**Task**
Using the listing below, retype exactly the lines starting at the one with "Vue aérienne de" and ending at the one with "4920 S Wilton", and include both.
BEGIN
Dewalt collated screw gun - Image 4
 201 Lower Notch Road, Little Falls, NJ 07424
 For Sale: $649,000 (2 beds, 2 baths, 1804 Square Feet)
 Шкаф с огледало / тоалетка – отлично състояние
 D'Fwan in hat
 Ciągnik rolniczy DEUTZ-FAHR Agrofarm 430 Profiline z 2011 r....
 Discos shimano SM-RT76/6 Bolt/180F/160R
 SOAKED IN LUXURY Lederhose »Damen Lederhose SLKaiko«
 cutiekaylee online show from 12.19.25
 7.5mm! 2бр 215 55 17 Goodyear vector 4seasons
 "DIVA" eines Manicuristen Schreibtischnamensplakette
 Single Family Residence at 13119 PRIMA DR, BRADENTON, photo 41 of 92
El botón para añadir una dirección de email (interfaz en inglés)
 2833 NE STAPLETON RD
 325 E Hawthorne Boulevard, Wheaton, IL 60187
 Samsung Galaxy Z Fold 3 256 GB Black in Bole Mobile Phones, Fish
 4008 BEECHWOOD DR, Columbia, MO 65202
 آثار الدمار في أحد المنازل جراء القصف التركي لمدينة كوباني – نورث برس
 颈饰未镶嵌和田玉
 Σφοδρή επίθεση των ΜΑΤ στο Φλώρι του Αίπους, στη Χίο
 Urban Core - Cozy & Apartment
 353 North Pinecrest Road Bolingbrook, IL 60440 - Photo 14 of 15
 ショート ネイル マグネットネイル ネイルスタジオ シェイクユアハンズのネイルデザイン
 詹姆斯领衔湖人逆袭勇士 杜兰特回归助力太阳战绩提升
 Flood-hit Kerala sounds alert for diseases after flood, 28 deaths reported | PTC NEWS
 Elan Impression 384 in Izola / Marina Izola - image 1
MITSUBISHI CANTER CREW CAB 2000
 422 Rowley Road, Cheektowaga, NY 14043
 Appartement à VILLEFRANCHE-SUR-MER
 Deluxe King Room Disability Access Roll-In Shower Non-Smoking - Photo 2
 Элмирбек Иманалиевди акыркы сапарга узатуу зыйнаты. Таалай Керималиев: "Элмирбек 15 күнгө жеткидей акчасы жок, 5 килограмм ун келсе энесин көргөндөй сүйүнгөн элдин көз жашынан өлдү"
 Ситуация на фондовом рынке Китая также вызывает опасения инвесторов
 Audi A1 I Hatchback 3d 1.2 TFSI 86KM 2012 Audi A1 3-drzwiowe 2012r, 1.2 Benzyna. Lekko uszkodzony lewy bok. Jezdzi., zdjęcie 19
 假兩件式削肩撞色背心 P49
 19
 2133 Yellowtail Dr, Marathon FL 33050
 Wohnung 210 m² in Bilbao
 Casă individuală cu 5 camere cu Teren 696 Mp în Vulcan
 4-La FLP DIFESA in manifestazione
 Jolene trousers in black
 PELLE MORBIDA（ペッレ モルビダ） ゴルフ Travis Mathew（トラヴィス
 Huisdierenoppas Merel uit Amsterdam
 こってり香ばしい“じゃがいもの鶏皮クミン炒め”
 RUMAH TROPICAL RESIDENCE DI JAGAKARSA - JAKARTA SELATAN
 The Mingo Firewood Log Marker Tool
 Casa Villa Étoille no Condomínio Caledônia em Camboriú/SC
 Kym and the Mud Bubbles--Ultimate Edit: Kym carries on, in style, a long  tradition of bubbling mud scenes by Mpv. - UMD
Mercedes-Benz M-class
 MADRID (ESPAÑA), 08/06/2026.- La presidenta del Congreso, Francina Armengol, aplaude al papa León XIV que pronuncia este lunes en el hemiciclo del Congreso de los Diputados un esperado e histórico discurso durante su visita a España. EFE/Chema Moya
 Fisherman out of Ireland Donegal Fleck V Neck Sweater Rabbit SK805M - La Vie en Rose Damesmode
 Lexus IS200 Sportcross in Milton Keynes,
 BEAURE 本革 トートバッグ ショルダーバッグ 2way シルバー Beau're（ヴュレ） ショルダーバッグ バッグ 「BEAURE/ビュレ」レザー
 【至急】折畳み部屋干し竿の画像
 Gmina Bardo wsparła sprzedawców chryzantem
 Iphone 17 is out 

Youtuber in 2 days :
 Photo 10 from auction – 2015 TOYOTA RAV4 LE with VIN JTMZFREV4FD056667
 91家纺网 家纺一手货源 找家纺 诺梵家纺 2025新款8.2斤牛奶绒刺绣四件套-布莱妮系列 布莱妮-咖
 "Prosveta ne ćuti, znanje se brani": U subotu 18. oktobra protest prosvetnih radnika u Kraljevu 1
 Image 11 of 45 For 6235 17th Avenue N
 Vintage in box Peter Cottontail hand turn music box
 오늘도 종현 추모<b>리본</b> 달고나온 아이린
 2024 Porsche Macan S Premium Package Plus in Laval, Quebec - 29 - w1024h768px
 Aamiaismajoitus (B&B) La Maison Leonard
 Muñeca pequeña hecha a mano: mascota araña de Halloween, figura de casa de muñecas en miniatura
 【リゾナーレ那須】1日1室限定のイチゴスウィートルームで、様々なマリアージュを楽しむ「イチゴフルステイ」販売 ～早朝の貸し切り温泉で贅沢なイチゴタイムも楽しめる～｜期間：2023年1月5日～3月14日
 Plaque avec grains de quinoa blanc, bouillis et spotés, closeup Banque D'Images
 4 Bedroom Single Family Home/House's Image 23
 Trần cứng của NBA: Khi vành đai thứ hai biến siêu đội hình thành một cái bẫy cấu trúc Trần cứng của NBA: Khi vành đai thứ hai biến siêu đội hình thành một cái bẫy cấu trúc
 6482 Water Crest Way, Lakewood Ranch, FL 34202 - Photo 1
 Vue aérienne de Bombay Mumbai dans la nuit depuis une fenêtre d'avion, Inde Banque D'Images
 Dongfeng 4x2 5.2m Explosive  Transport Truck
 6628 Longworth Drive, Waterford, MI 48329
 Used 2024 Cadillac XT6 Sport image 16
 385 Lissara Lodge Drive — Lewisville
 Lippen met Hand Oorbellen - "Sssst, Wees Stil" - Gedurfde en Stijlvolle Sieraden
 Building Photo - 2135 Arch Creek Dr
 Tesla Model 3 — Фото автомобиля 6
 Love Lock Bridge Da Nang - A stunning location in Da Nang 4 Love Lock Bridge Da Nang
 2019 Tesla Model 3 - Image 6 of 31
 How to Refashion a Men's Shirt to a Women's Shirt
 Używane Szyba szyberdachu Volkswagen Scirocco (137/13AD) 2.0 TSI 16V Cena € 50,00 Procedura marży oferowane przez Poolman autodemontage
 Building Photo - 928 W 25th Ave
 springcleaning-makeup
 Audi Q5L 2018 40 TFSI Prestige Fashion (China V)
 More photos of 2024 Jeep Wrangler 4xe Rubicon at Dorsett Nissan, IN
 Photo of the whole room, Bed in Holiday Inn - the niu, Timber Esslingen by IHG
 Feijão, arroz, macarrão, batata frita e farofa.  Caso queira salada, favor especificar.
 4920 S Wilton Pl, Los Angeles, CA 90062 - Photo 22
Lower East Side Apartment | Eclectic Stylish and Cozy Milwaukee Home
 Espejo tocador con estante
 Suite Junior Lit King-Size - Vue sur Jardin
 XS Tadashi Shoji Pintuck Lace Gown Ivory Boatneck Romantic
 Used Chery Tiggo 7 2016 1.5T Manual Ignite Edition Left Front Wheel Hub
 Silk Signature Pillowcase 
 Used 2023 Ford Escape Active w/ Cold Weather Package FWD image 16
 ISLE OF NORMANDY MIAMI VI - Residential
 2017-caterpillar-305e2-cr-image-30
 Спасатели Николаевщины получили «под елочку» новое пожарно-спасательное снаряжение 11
END
**Result of this exercise**
 Vue aérienne de Bombay Mumbai dans la nuit depuis une fenêtre d'avion, Inde Banque D'Images
 Dongfeng 4x2 5.2m Explosive  Transport Truck
 6628 Longworth Drive, Waterford, MI 48329
 Used 2024 Cadillac XT6 Sport image 16
 385 Lissara Lodge Drive — Lewisville
 Lippen met Hand Oorbellen - "Sssst, Wees Stil" - Gedurfde en Stijlvolle Sieraden
 Building Photo - 2135 Arch Creek Dr
 Tesla Model 3 — Фото автомобиля 6
 Love Lock Bridge Da Nang - A stunning location in Da Nang 4 Love Lock Bridge Da Nang
 2019 Tesla Model 3 - Image 6 of 31
 How to Refashion a Men's Shirt to a Women's Shirt
 Używane Szyba szyberdachu Volkswagen Scirocco (137/13AD) 2.0 TSI 16V Cena € 50,00 Procedura marży oferowane przez Poolman autodemontage
 Building Photo - 928 W 25th Ave
 springcleaning-makeup
 Audi Q5L 2018 40 TFSI Prestige Fashion (China V)
 More photos of 2024 Jeep Wrangler 4xe Rubicon at Dorsett Nissan, IN
 Photo of the whole room, Bed in Holiday Inn - the niu, Timber Esslingen by IHG
 Feijão, arroz, macarrão, batata frita e farofa.  Caso queira salada, favor especificar.
 4920 S Wilton Pl, Los Angeles, CA 90062 - Photo 22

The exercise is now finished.